I think you are hyperventilating.

Mac the Knife
Reply to  tonyon
February 26, 2015 12:27 pm

No polar ice over there will be no vertical currents…could reduce the rise of nutrients to the surface and therefore PHYTOPLANKTON SHORTAGE MAY DECREASING ITS VITAL CONTRIBUTION WITH OXYGEN TO THE ATMOSPHERE (90 %)…fish…
Whoa there, fella! Time to take your lithium again!

Sir Harry Flashman
February 26, 2015 5:41 am

Why is this an “eyeroller”? Because it has the words “climate change” in it? On what basis are you sneering at this work? However, I have to say I agree with Slywolfe above, most of the noted changes seem positive.

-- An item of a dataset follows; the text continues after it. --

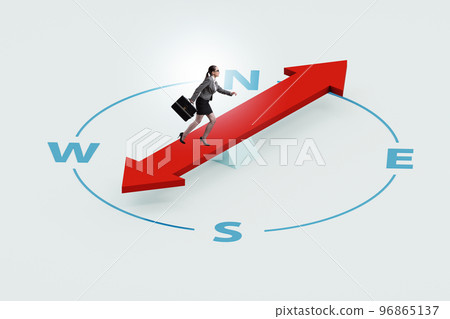 Businesswoman with compass looking for direction Businesswoman with compass looking for direction 96865137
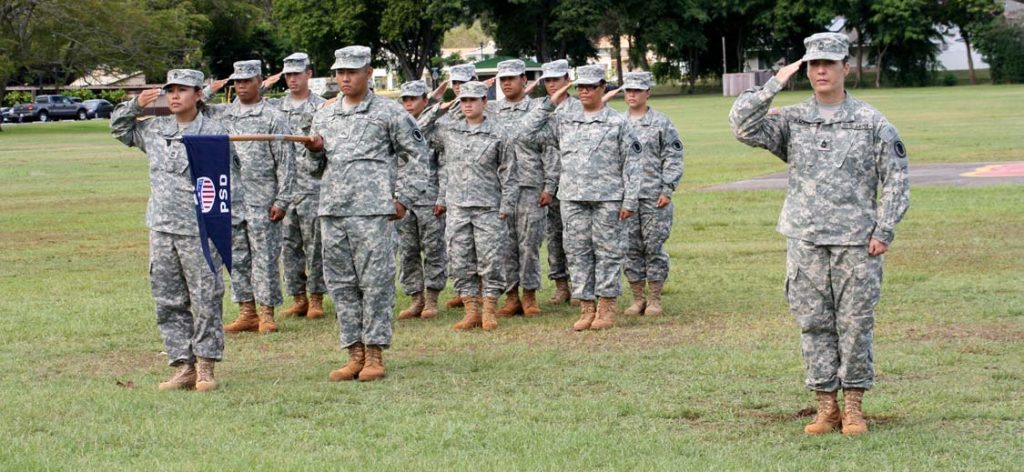 FAREWELL TILL NEXT SUMMER -- Master Sgt. Mara Bacon leads a team of 12th Personnel Service Detachment Soldiers on their way to Iraq and Kuwait in support of Operation IRAQI FREEDOM. Sgt. 1st Class Curtis H. Matsushige photo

Reply to  Sir Harry Flashman
February 26, 2015 11:43 am

Welcome back Sir Harry. That is the second you you have fallen off the wagon of denying yourself the pain or pleasure of reading the latest news on WUWT.
I know what it is like: not today, you say, today I will DO something, not just sit in front of the monitor. But the right hand, with a will of its own, presses on the Firefox icon for WUWT… and it’s game over.

Gary Pearse
February 26, 2015 5:47 am

Ecological subsidies to the tune of several trillion and this the best they can do? Let’s see if a geologist can kick this BS in the stomata. 1) sunlight has more effect on the leaves than warming the ground – it certainly is the gorilla in the tree room. 2) did you do a control where you sampled leaves from the ambient trees several weeks earlier when the ground was warmer naturally. 3) when did you start to warm the soil? 4) did you sample ambient trees in Quebec and compare them with ambient trees in In Massachusetts. 5) did you put leaves in a pond in Massachusetts that you had taken from Quebec? and vice versa? 6) did you have to beg your high school teacher to up your science mark so you could get into Dartmouth?

Bruce Cobb
February 26, 2015 6:04 am

…predicting the consequences of climate change will require research across ecosystem boundaries.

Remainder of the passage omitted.